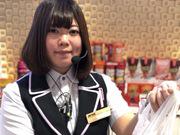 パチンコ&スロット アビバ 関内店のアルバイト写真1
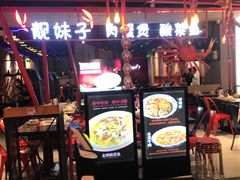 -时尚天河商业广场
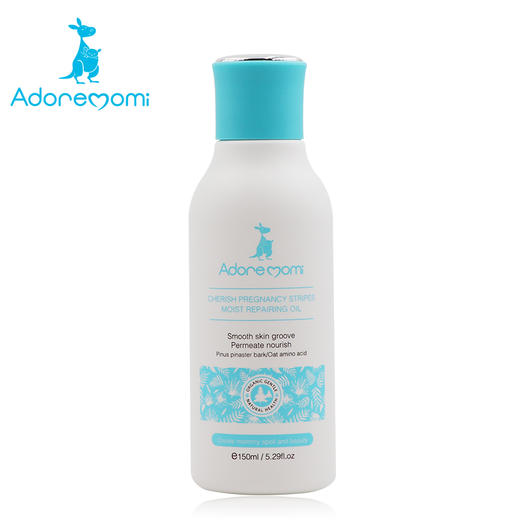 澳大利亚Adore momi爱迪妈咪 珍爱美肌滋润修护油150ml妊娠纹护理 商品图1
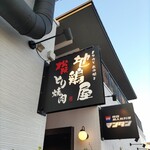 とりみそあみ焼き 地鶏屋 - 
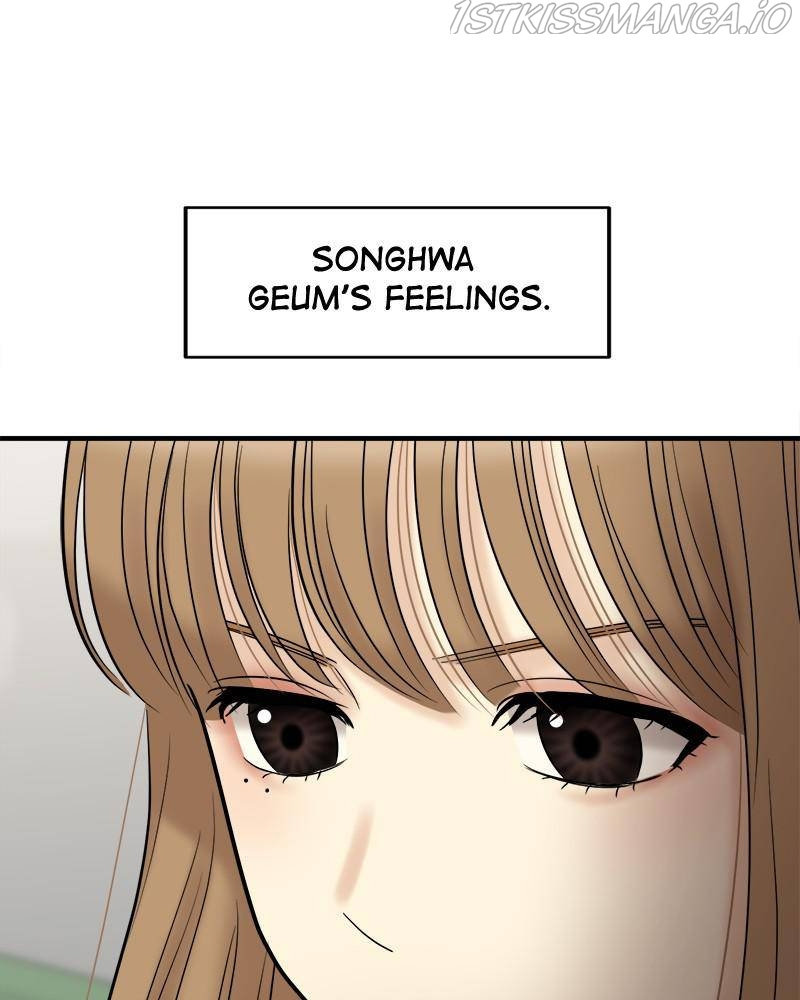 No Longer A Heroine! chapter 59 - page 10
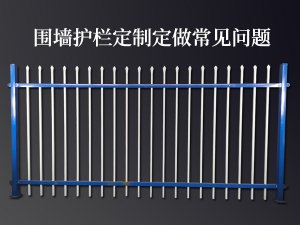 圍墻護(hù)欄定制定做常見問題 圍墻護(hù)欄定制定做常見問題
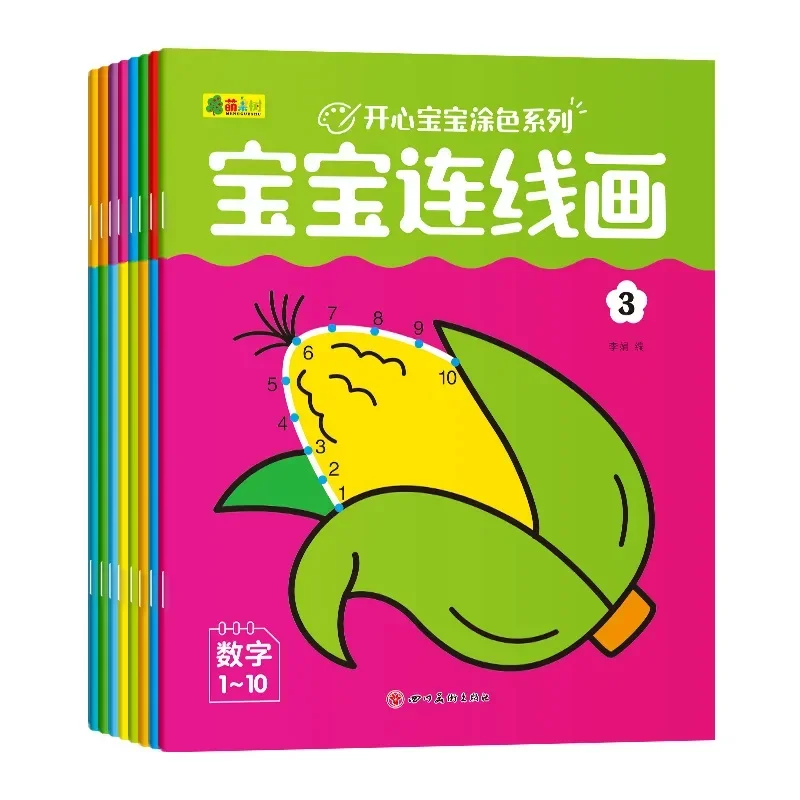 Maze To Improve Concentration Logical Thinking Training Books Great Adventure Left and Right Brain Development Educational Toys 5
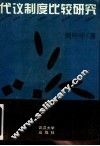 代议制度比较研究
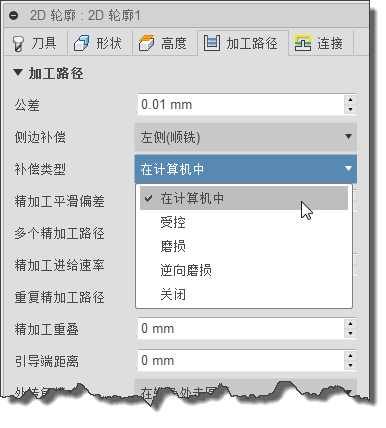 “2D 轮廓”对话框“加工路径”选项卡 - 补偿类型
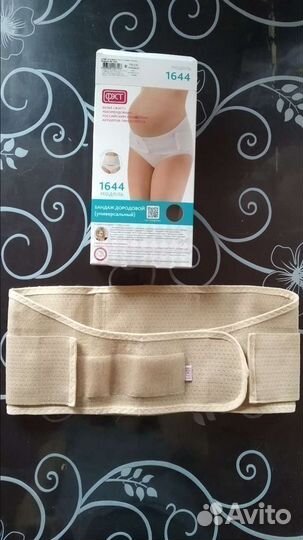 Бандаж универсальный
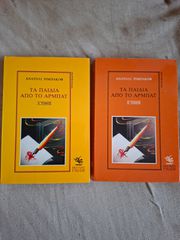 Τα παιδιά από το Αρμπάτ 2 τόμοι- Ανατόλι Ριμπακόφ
══════
What the exercise asks => The data above must be written out again word for word, without its pictures.

Written solution =>
 パチンコ&スロット アビバ 関内店のアルバイト写真1
 -时尚天河商业广场
 澳大利亚Adore momi爱迪妈咪 珍爱美肌滋润修护油150ml妊娠纹护理 商品图1
 とりみそあみ焼き 地鶏屋 - 
 No Longer A Heroine! chapter 59 - page 10
 圍墻護(hù)欄定制定做常見問題 圍墻護(hù)欄定制定做常見問題
 Maze To Improve Concentration Logical Thinking Training Books Great Adventure Left and Right Brain Development Educational Toys 5
 代议制度比较研究
 “2D 轮廓”对话框“加工路径”选项卡 - 补偿类型
 Бандаж универсальный
 Τα παιδιά από το Αρμπάτ 2 τόμοι- Ανατόλι Ριμπακόφ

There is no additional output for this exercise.